In order to more clearly illustrate the embodiments of the present invention or the technical solutions in the prior art, the drawings needed to be used in the description of the embodiments or the prior art will be briefly introduced below, and it is obvious that the drawings in the following description are some embodiments of the present invention, and for those skilled in the art, other drawings can be obtained according to these drawings without creative efforts.

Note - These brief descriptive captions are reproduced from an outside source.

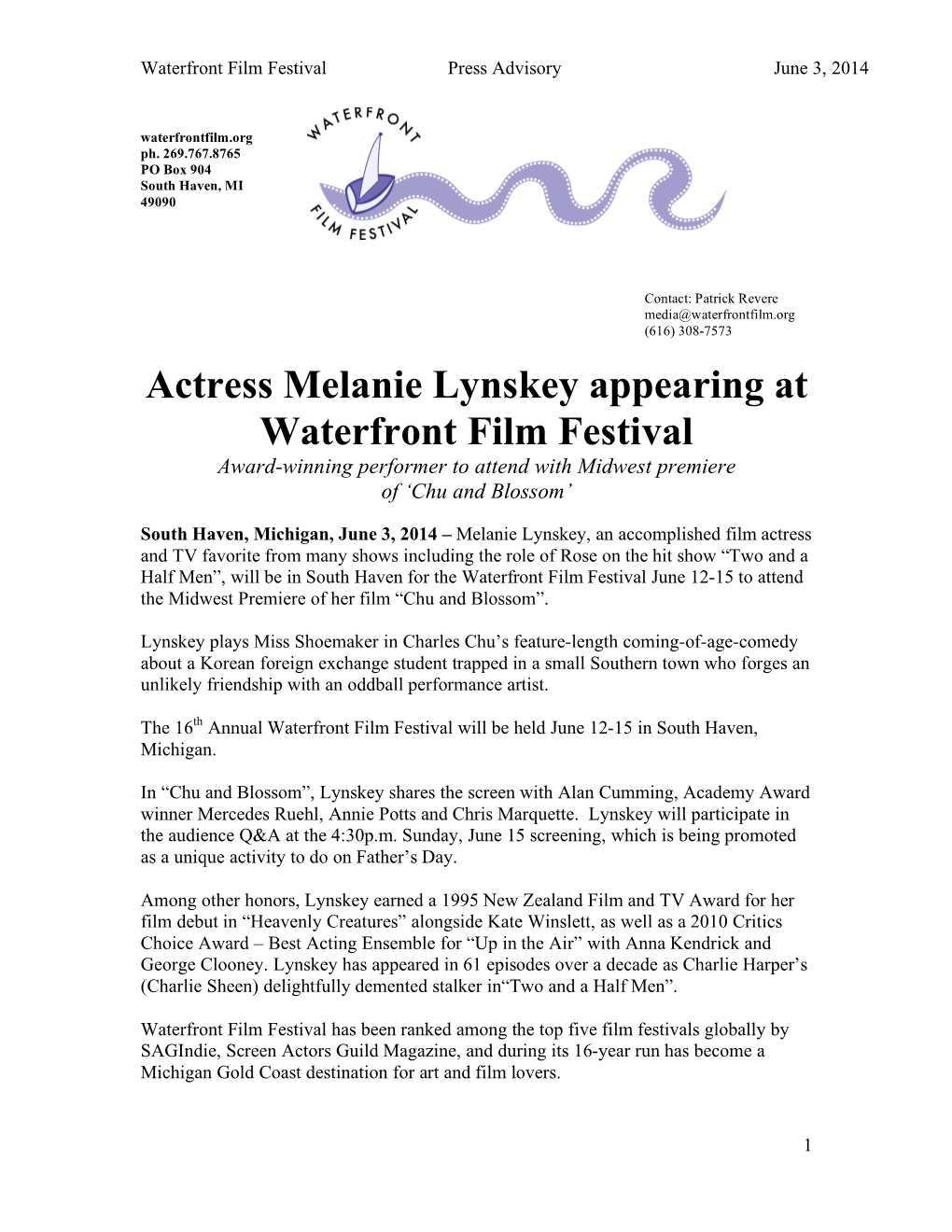 Actress Melanie Lynskey Appearing at Waterfront Film Festival Award-Winning Performer to Attend with Midwest Premiere of ‘Chu and Blossom’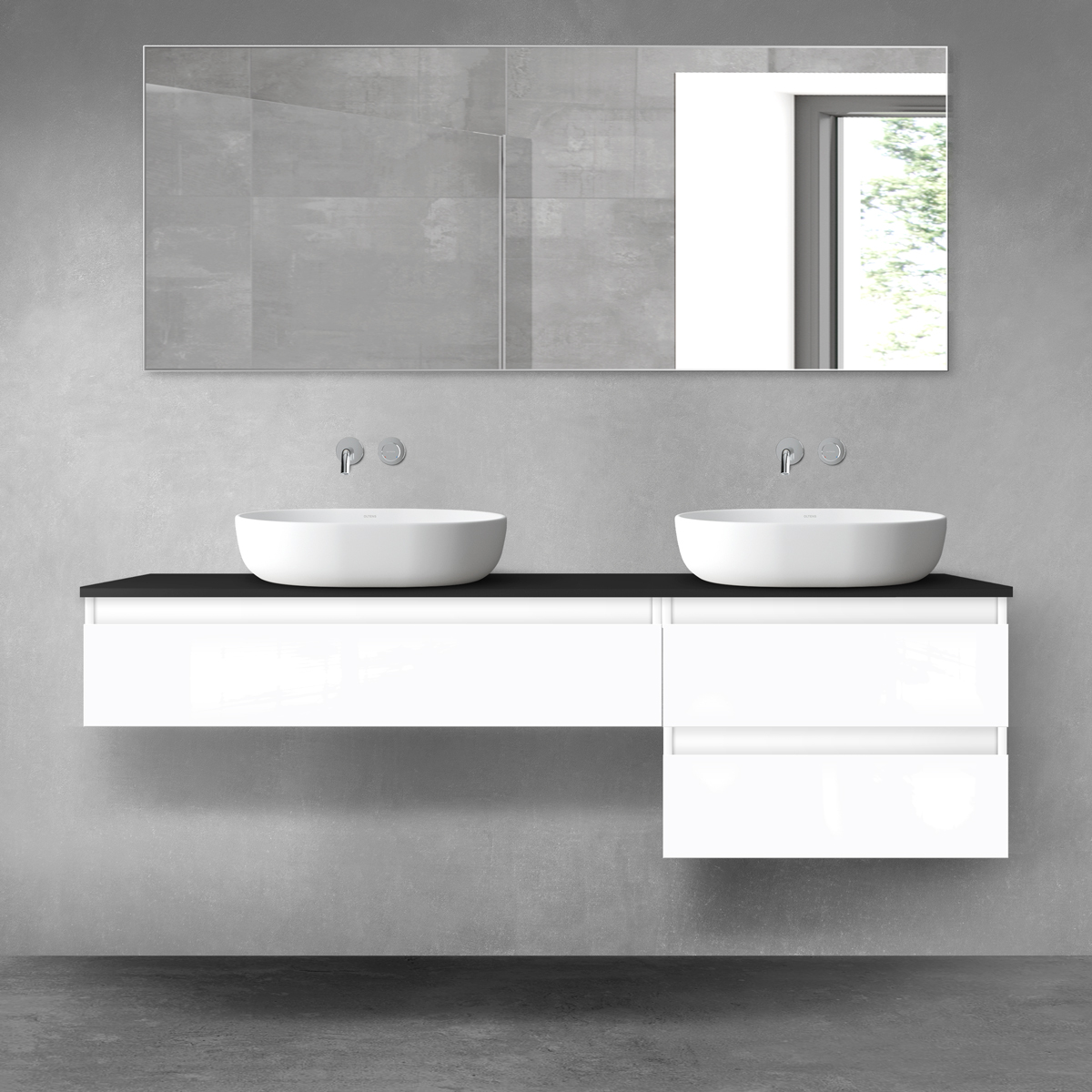 Darmowa Dostawa - Zestaw mebli łazienkowych 160x46.4x48.6 cm podumywalkowa wisząca biała-czarna Oltens Vernal 68330000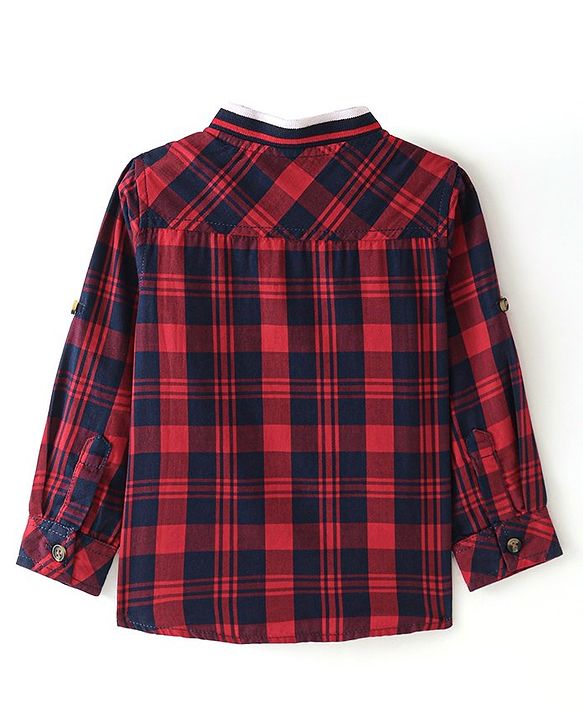 Babyhug Cotton Woven Full Sleeves  Rib Collared  Checks Shirt - Red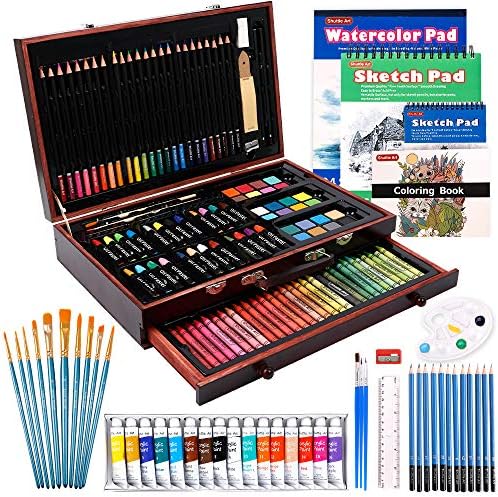 186 Piece Deluxe Artwork Set, Shuttle Artwork Artwork Provides in Picket Case, Portray Drawing Artwork Equipment with Acrylic Paint Pencils Oil Pastels Watercolor Muffins Coloring E-book Watercolor Sketch Pad for Youngsters Adults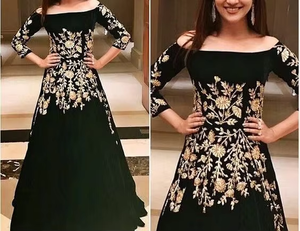 Indian/Pakistani Floor-Length <b>Chiffon</b> Casual <b>Dress</b> Floral Embroidery Three-Quarter <b>Sleeves</b> Fit Flare Silhouette High Street - Product Image 6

FIG. 1 is a block diagram of the overall structure of the present invention;

FIG. 2 is a schematic diagram of the relationship between the carrier power amplifier and the peak power amplifier for dual impedance matching according to the present invention;

FIG. 3(a) shows the power ratio of the present invention is 1: 1.5 about X;

FIG. 3(b) shows the power ratio of the present invention is 1: 1.5 vs. ZL;

FIG. 4 is a block diagram of the power divider of the present invention;

FIG. 5(a) is a graph of output port matching results at saturated output power of the present invention;

FIG. 5(b) is a diagram of the output port matching result under power back-off of the present invention;

FIG. 6 is a diagram of a peak amplifier quasi-elliptical filter output matching structure and impedance relationship in accordance with the present invention;

FIG. 7 is a solution space for impedance matching of the peak amplifier of the present invention at power back-off;

FIG. 8 is a graph of drain efficiency versus gain and output power provided by the present invention;

fig. 9 is a diagram of the input matching structure of the present invention using microstrip lines and capacitor parallel capacitors.

The power divider comprises a power divider, a carrier power amplifier phase compensation line, a carrier power amplifier module, a peak power amplifier module, a rear matching network, a load impedance, a carrier input matching network, a carrier amplifier, a carrier output matching network, a peak input matching network, a carrier amplifier, a carrier output matching network, a carrier input matching network, a carrier amplifier, a carrier output matching network, a carrier input matching network, a carrier output matching network and a carrier output matching network, wherein the carrier power amplifier is 1, the carrier power amplifier is 2, the carrier power amplifier is 3.

Detailed Description

In order to make the objects, technical solutions and advantages of the embodiments of the present invention clearer, the technical solutions in the embodiments of the present invention will be clearly and completely described below with reference to the drawings in the embodiments of the present invention, and it is obvious that the described embodiments are some, but not all, embodiments of the present invention. All other embodiments, which can be derived by a person skilled in the art from the embodiments given herein without making any creative effort, shall fall within the protection scope of the present invention.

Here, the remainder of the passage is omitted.